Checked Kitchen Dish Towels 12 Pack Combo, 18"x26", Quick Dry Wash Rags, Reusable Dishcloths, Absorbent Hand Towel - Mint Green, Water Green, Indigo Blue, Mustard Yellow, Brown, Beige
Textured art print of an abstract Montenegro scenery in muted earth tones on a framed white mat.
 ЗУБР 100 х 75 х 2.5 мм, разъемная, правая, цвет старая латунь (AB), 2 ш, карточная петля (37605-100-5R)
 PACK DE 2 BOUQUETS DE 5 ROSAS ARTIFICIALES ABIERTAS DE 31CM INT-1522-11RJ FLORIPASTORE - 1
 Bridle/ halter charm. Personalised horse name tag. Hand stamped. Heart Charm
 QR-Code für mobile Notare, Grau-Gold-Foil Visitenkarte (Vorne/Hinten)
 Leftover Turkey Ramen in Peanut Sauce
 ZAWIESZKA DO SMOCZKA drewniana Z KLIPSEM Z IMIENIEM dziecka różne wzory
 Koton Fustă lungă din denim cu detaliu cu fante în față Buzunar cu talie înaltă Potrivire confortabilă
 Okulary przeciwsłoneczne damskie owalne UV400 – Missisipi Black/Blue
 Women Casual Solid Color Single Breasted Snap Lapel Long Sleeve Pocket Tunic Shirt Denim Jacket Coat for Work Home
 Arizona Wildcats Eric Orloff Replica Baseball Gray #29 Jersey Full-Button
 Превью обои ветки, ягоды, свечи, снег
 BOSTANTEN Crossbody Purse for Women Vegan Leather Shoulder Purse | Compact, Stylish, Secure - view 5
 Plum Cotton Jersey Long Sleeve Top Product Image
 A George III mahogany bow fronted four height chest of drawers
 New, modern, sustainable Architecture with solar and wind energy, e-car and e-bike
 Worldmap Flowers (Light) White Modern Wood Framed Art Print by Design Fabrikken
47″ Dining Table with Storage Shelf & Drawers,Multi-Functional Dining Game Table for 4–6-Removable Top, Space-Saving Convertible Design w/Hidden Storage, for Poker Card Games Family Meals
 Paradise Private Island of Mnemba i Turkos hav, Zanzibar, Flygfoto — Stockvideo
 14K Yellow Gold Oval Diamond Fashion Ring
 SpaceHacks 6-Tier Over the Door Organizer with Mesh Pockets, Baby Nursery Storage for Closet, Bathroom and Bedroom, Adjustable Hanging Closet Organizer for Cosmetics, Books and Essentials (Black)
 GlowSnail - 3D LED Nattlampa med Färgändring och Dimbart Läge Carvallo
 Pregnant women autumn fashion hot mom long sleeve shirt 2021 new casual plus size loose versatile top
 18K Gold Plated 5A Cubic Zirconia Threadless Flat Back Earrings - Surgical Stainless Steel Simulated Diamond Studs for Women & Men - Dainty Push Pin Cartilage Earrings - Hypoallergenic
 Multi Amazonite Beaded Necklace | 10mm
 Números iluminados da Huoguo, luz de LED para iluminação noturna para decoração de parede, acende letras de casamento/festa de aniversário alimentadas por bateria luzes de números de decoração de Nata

----------

**Problem to work on:** "Worldmap Flowers (Light)" marks the last line to print; print everything from the first line of the data through that line, unchanged, and nothing more.

**Written solution:**
Checked Kitchen Dish Towels 12 Pack Combo, 18"x26", Quick Dry Wash Rags, Reusable Dishcloths, Absorbent Hand Towel - Mint Green, Water Green, Indigo Blue, Mustard Yellow, Brown, Beige
Textured art print of an abstract Montenegro scenery in muted earth tones on a framed white mat.
 ЗУБР 100 х 75 х 2.5 мм, разъемная, правая, цвет старая латунь (AB), 2 ш, карточная петля (37605-100-5R)
 PACK DE 2 BOUQUETS DE 5 ROSAS ARTIFICIALES ABIERTAS DE 31CM INT-1522-11RJ FLORIPASTORE - 1
 Bridle/ halter charm. Personalised horse name tag. Hand stamped. Heart Charm
 QR-Code für mobile Notare, Grau-Gold-Foil Visitenkarte (Vorne/Hinten)
 Leftover Turkey Ramen in Peanut Sauce
 ZAWIESZKA DO SMOCZKA drewniana Z KLIPSEM Z IMIENIEM dziecka różne wzory
 Koton Fustă lungă din denim cu detaliu cu fante în față Buzunar cu talie înaltă Potrivire confortabilă
 Okulary przeciwsłoneczne damskie owalne UV400 – Missisipi Black/Blue
 Women Casual Solid Color Single Breasted Snap Lapel Long Sleeve Pocket Tunic Shirt Denim Jacket Coat for Work Home
 Arizona Wildcats Eric Orloff Replica Baseball Gray #29 Jersey Full-Button
 Превью обои ветки, ягоды, свечи, снег
 BOSTANTEN Crossbody Purse for Women Vegan Leather Shoulder Purse | Compact, Stylish, Secure - view 5
 Plum Cotton Jersey Long Sleeve Top Product Image
 A George III mahogany bow fronted four height chest of drawers
 New, modern, sustainable Architecture with solar and wind energy, e-car and e-bike
 Worldmap Flowers (Light) White Modern Wood Framed Art Print by Design Fabrikken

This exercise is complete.